The Australian Industries Development Association bulletin of April 1983 showed , for example, that labour on-costs grew at a rate 60 per cent faster than direct wage costs in the period from 1974 to 1982. In 1982 alone AIDA estimated the rate of on-cost growth to be 77 per cent higher than direct wage costs. Such figures bring home one vital point: The critical issue for Australia's future international competitiveness is not only direct labour costs through wages, but also an ability to maintain shifts in unit labour costs-wages plus on-costs-in line with unit labour cost changes occurring overseas. In this endeavour the Government, and the accord, has conspicuously failed to meet its responsibilities. The past two indexation awards and resulting on-costs will lead to the private sector employers facing a mammoth $12m bill this year. The question is: Can Australia and particularly the unemployed in this country afford such a situation?

The whole issue of wages is indicative of this Government's inconsistent approach to economic management. It is ironical to note the support the Prime Minister (Mr Hawke) and the Treasurer (Mr Keating) have given to the efficiencies of financial market deregulation. We saw the floating of the dollar in November of last year together with the Government's announced intention to allow the entry of foreign banks-decisions which have the laudable objective of widening and freeing up Australia's financial markets. They are decisions which the Opposition supports and welcomes as far as they go. Yet the Government has adopted a totally contradictory approach to the labour market through its commitment to the accord and to wage indexation. As far as the Government is concerned, the rationale behind its decisions to seek a more efficient and sensitive financial and banking sector through the freeing of the markets is not applicable to wages. If the market is seen to provide an efficient allocation mechanism in one, why not the other?

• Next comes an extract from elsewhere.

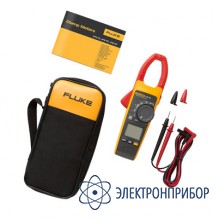 Токовые клещи true-rms c функцией беспроводной связи Fluke 374 FC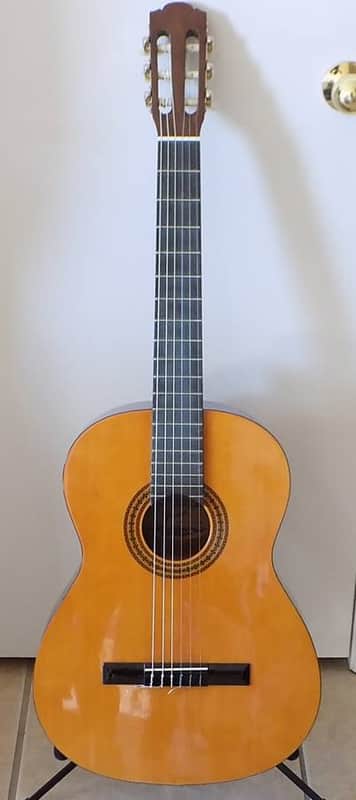 FENDER Gemini 1 Nylon String Classical Acoustic Guitar / Hard Case image 1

Another area which requires some comment relates to the Government's expected or anticipated budgetary policy. The Government's commitments to the Australian Council of Trade Unions under the prices and incomes accord and its discretionary decision for an $8.6 billion deficit in last year's Budget leave it little room to manoeuvre in formulating the 1984-85 Budget. In order to maintain the accord and set the groundwork for an election-most probably in December of this year-a tax cut in this year's Budget has now become mandatory, which leads to concern as to the future deficit and its effect upon economic recovery. The Victorian Chamber of Manufactures estimates that next year's Budget deficit will be $7.6 billion. Furthermore, it predicts that this deficit will blow out to $9.2 billion the following year. In conjunction with this, the VCM, together with the Government's own forecasts, predicts inflation to rise from 7.3 per cent this financial year to 9 per cent the following year. The Government, clearly, has not heeded warnings of business leaders that a deficit over $5 billion will put undue pressure on the economy. Instead, the Prime Minister and the Treasurer have sought to present a deficit at least the same size as last year's as an exercise of economic sobriety. The danger of such a policy is clear to see. As the Australian commented a couple of days ago, on 8 May, in the last paragraph of its editorial:

With an already overly high level of national debt, another relatively large budget deficit later this year can only drive up interest rates and raise the spectre of higher taxation further down the track.

What this amounts to is that the Hawke Government has had a dream run economically with a series of fortuitous events giving it a great opportunity. But instead of seizing the opportunity to build upon that base it is going to seize the opportunity for an early election. Its policies cannot and will not lead to sustained economic growth. Its policies will not lead to an Australia that is internationally competitive, confident of reducing unemployment and able to meet the reasonable aspirations of its potential work force.

I suggest to the Senate that those policies are found in the Opposition's economic policy and its wages and incomes policy, both of which have been recently announced-policies that are directed towards economic growth, that look to less reliance on income tax, a less distorted economy with less unnecessary regulation. Coalition objectives aimed at lowering the deficit will be achieved by reduced government spending with consequent less pressure on inflation and interest rates. Lower government spending will permit the arrest of continuously rising government taxes and charges and the return of productive incentive. Coalition policies will reintroduce reality back into wage fixation, permit a flexibility to reward growth and achievement and respond to economic downturns.

The comparison is clear. Labor's policies, as I have indicated, are artificial and contrived. They are not a framework for a strong and efficient economy. When the Government, rather than face reality, takes us to an early election the Australian public must not be fooled. Australians should ask: How much of any recovery has been contributed to by the fortuitous circumstances to which I referred earlier?

Australians will see that coalition policies are based on reality. They recognise the hard facts of life, that in a competitive world there is not an easy way. To face reality is never easy. But when reality is faced we will have taken the first step in this country back on a road to recovery, not dependent upon fortuitous events but on policies that face the facts of real economic life . Australians will then be better off for having made that decision.